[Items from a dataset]
= Beginning of Section =
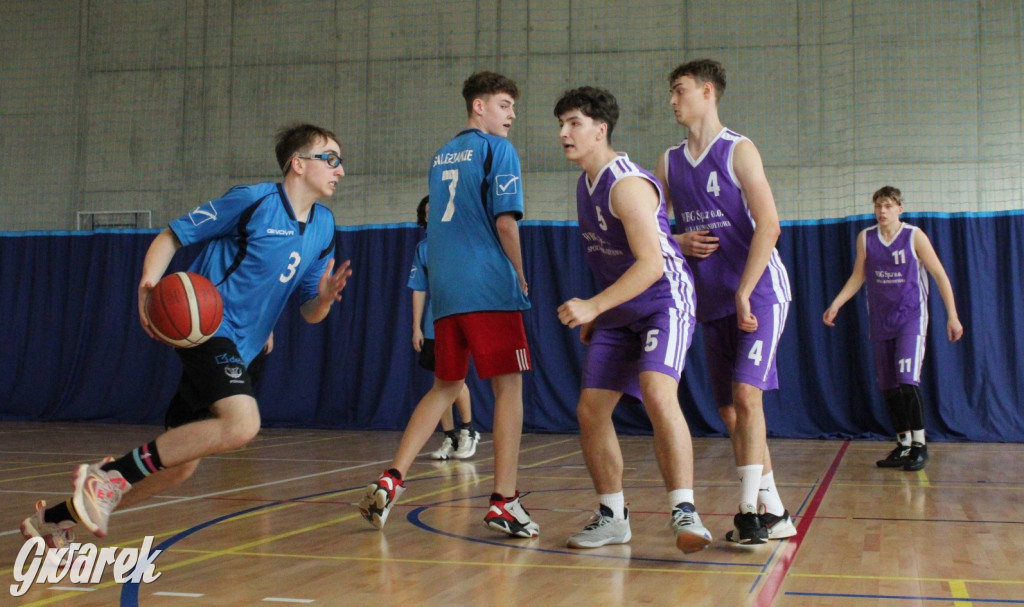 Tarnowskie Góry. Szkoły rywalizowały w koszykówce [FOTO]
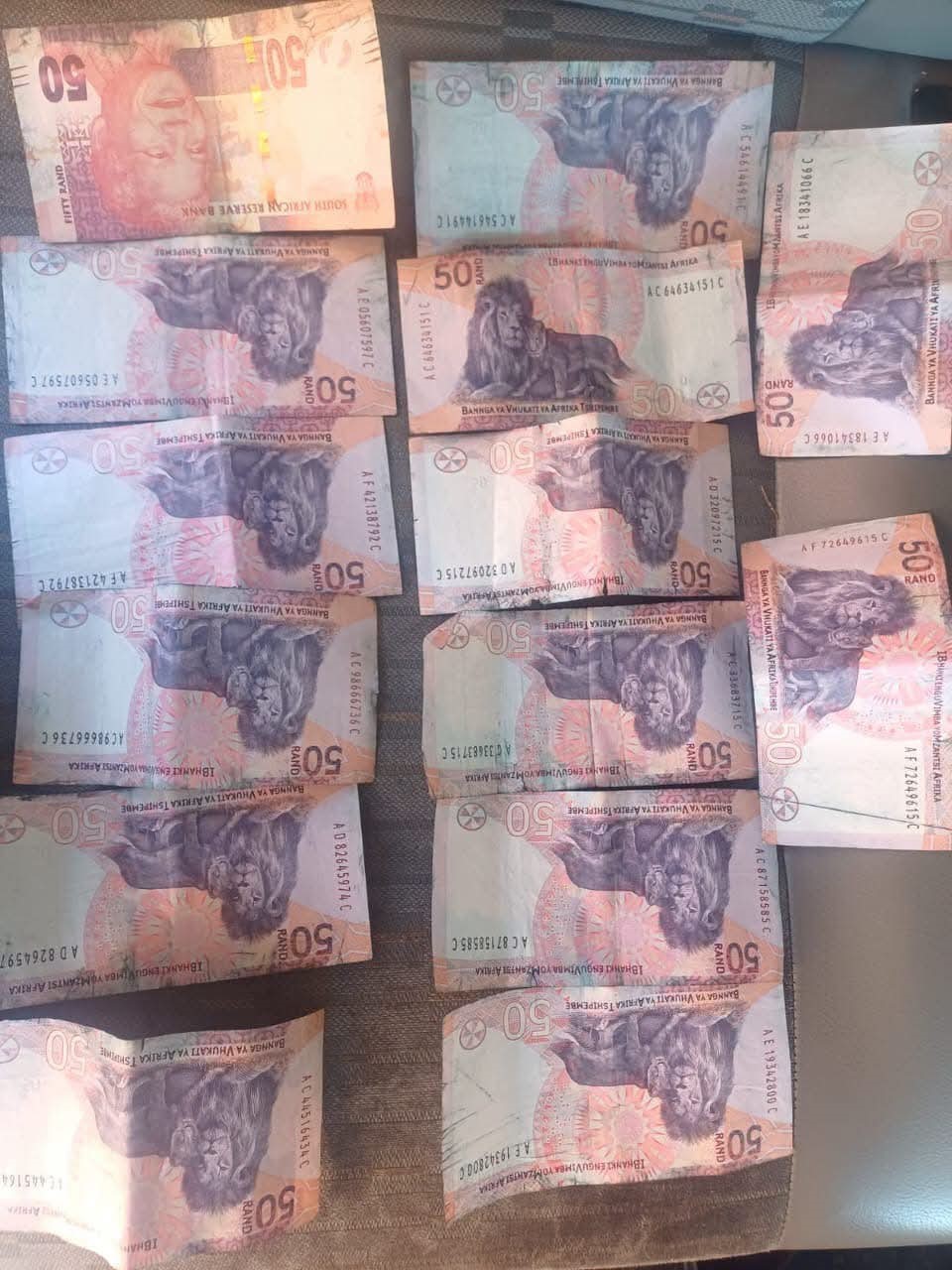 Verdagte met gevlekte banknote in OTM-bomaanvalondersoek vasgetrek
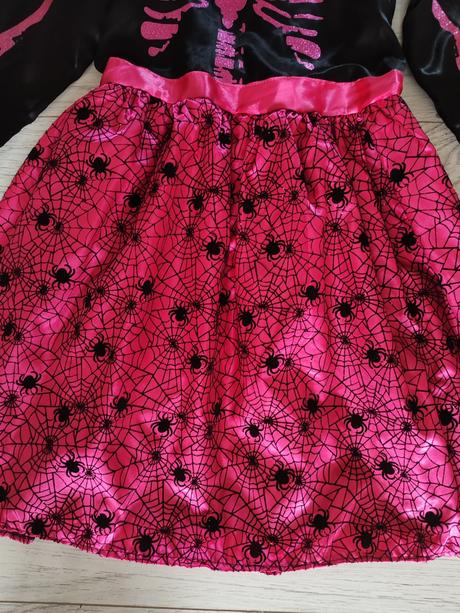 Predám šaty na karneval, pepco,134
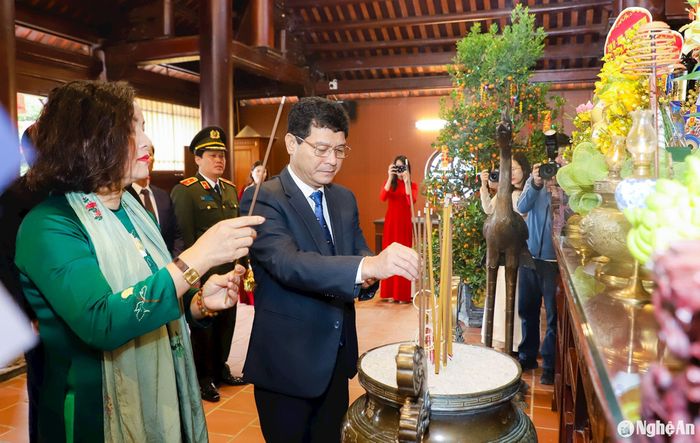 Các đồng chí trong Ban Thường vụ Tỉnh ủy, Trưởng ban Tuyên giáo Tỉnh ủy dâng hương tưởng niệm Tổng Bí thư Lê Hồng Phong. Ảnh: Phạm Bằng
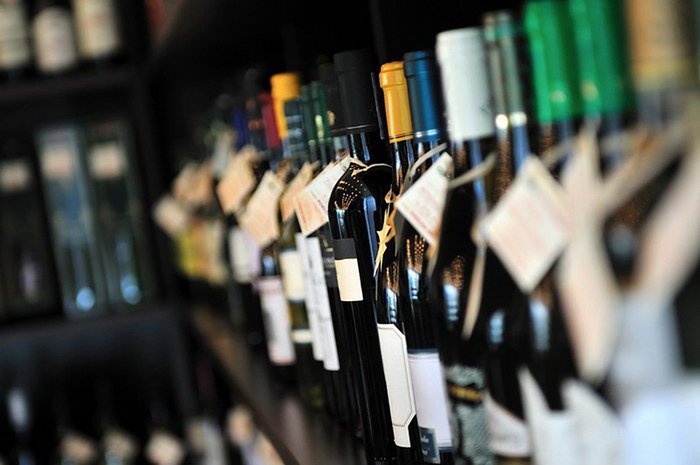 Чиновники могут разрешить реализацию алкоголя на АЗС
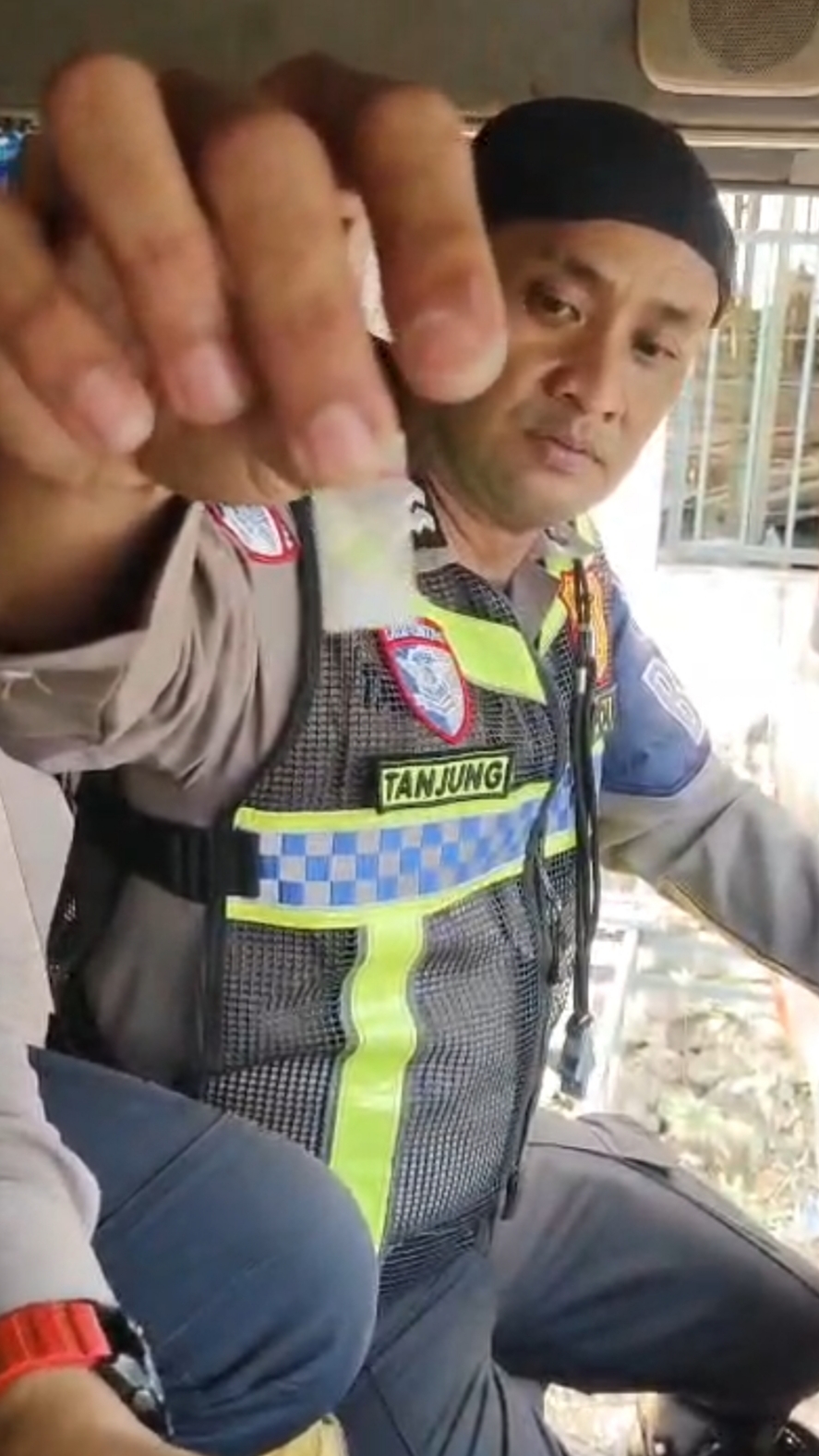 Truk Tronton Langgar Rambu, Sopir Asal Ciamis Diamankan Bawa Sabu di Kabin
= End of Section =
◆ GOAL OF THE EXERCISE ◆
This task calls for the lines from the line holding "Чиновники могут разрешить" through the last line above, restated word for word with both ends included and the pictures dropped.

◆ EXERCISE OUTPUT ◆
 Чиновники могут разрешить реализацию алкоголя на АЗС
 Truk Tronton Langgar Rambu, Sopir Asal Ciamis Diamankan Bawa Sabu di Kabin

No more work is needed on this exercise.